Collected data:

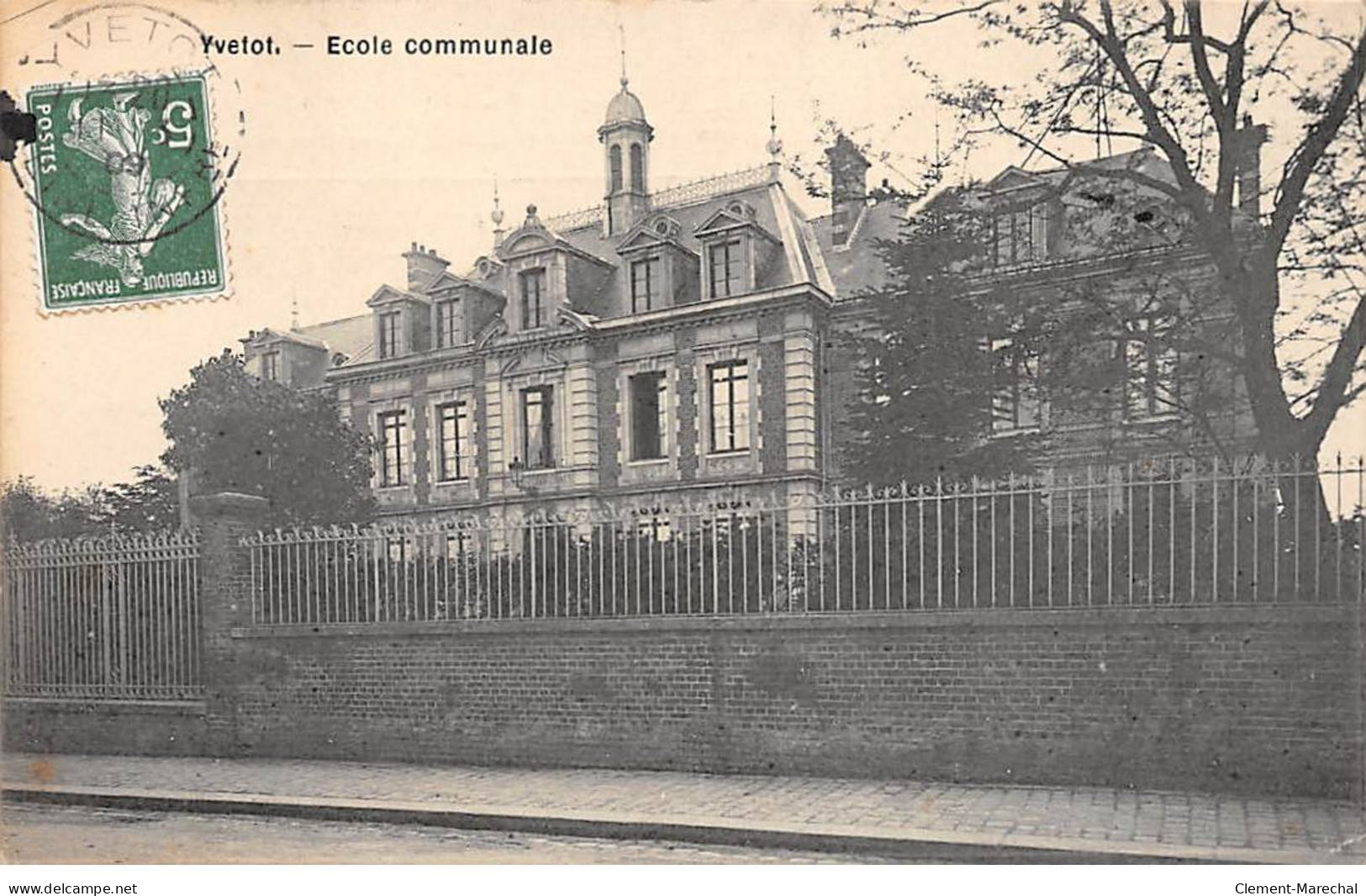 YVETOT - Ecole Communale - Très Bon état - Yvetot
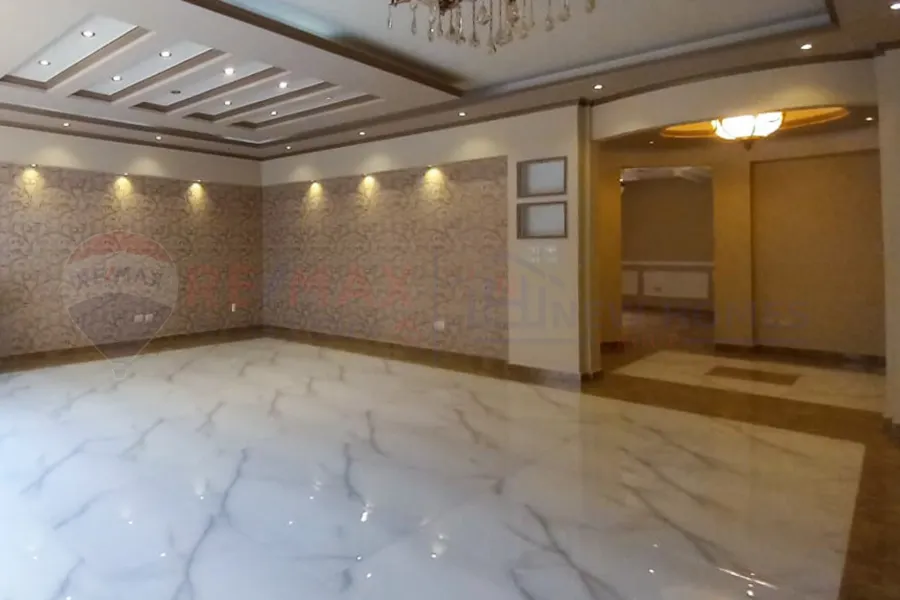 شقة للبيع 205 م رشدي (ش سوريا - برج براند)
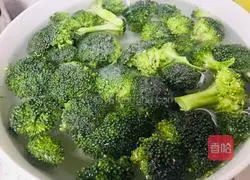 Illustration of how to make broccoli in oyster sauce 1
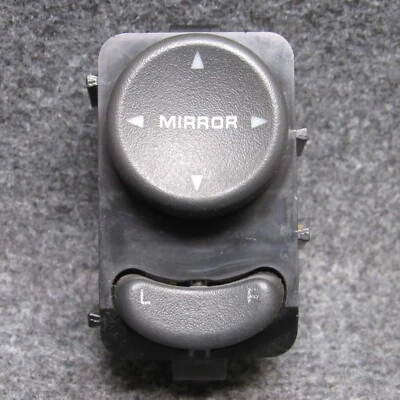 Interruptor de espejo retrovisor lateral eléctrico Dodge Caravan & Voyager 1996-2000 4685317 OEM J707 Foto 1 de 4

Task details:
Skip every picture, and give the rest of the material above again exactly.

Result of the task:
 YVETOT - Ecole Communale - Très Bon état - Yvetot
 شقة للبيع 205 م رشدي (ش سوريا - برج براند)
 Illustration of how to make broccoli in oyster sauce 1
 Interruptor de espejo retrovisor lateral eléctrico Dodge Caravan & Voyager 1996-2000 4685317 OEM J707 Foto 1 de 4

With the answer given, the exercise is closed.